This one is SO true, but always cracks me up.

When all else fails, read the instructions!


----------



## SINC (Feb 16, 2001)

What was the greatest thing before sliced bread?

It's not an optical illusion. It just looks like one.

Experience is the thing you have left when everything else is gone.


----------



## Dr.G. (Aug 4, 2001)

My grandfather was fond of saying "You can put a shoe in the oven but it won't come out a bagel".


----------



## RevMatt (Sep 10, 2005)

Right now, frankly:

Sex is like air. It's not important unless you aren't getting any. - Sinc

Is winning for me. Not that the saying is funny in and of itself, but it's existence in said individual's sig is threatening his image a dyed in the wool Albertan Conservative.


----------



## sketch (Sep 10, 2004)

This is one from Tiny Toons:
"I'm not as stupid as you look"


----------



## anal-log (Feb 22, 2003)

Why is abbreviate such a long word?


----------



## SINC (Feb 16, 2001)

RevMatt said:


> Right now, frankly:
> 
> Sex is like air. It's not important unless you aren't getting any. - Sinc
> 
> Is winning for me. Not that the saying is funny in and of itself, but it's existence in said individual's sig is threatening his image a dyed in the wool Albertan Conservative.


RevMatt, one just never knows what will show up in my signature, nor how long it will remain there, does one?


----------



## bryanc (Jan 16, 2004)

I've added some of these gems to my quote file.

Here are some others that I haven't seen in a while:

"He has all the virtues I dislike and none of the vices I admire." 
- Sir Winston Churchill

"The pure and simple truth is rarely pure and never simple." 
- Oscar Wilde

"First get your facts; then you can distort them at your leisure." 
- Mark Twain

"Give a man a fire, and he'll be warm for a day. Set a man on fire, and he'll be
warm for the rest of his life!" 
- Terry Pratchett

"Time flies like an arrow - fruit flies like a banana." 
- Groucho Marx

"A cynic is a man who, when he smells flowers, looks around for a coffin." 
- H.L. Menken

"No one ever went broke underestimating the intelligence of the American
Public." 
- P.T. Barnum

"Democracy is the only system in which the majority get what they deserve." 
- W. Churchill (after having lost his bid for re-election)

"No matter how cynical you get, it is impossible to keep up." 
-Lily Tomlin

"Human history becomes more and more a race between education and catastrophe."
- H. G. Wells

"The advantage of a classical education is that it enables you to despise the
wealth that it prevents you from achieving." 
-Russell Green

"Science isn't a religion.
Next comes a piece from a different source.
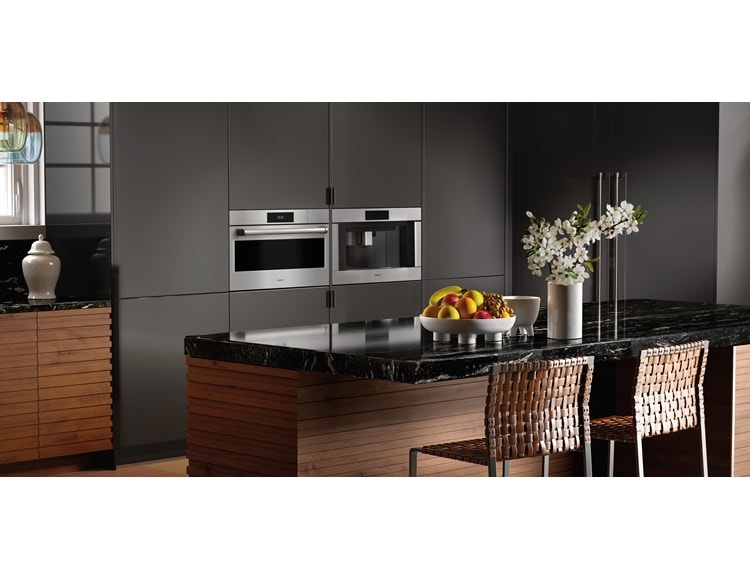 Wolf 30" E Series Professional Convection Steam Oven (CSO3050PE/S/P)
If it were, we'd have a much easier time raising
money." 
-Leon Lederman

"I drank what?" 
-Socrates


Cheers


----------



## iNeedhelp (Oct 23, 2005)

"I was so lonely as a child, if I wasn't a boy I'd have nothing to play with."
- Rodney Dangerfield


----------



## iPetie (Nov 25, 2003)

My favourite was one we used to say in University.

I turned around, and there it was, Gone! 

Usually embelished with a strong french accent.


----------



## RevMatt (Sep 10, 2005)

SINC said:


> RevMatt, one just never knows what will show up in my signature, nor how long it will remain there, does one?


Good thing I preserved that last one for posterity then, isn't it?


----------



## Rob777 (Dec 17, 2002)

Give a man a fish and he will eat for a day. Teach a man to fish and he will sit in a boat and drink beer all day.

I don't know if that is the exact quote, but you get the idea.


----------



## JumboJones (Feb 21, 2001)

Why is there no acronym for the word acronym?

If "a picture is worth a thousand words," then why is the only way to express the saying, is with words?

And of course, "if it was different, then it wouldn't be the same"


----------



## Beej (Sep 10, 2005)

Tits up in the rhubarb patch.


----------



## bryanc (Jan 16, 2004)

No matter where you go, there you are. - Bukaroo Banzai


----------



## Gerbill (Jul 1, 2003)

Vuja Dej - the feeling that _nothing_ like this has _ever_ happened before.

--George Carlin


----------



## SINC (Feb 16, 2001)

I married Miss Right. I just didn't know her first name was Always. - Red Skelton.


----------



## iNeedhelp (Oct 23, 2005)

"Balls," said the Queen, "If I had those, I'd be King!"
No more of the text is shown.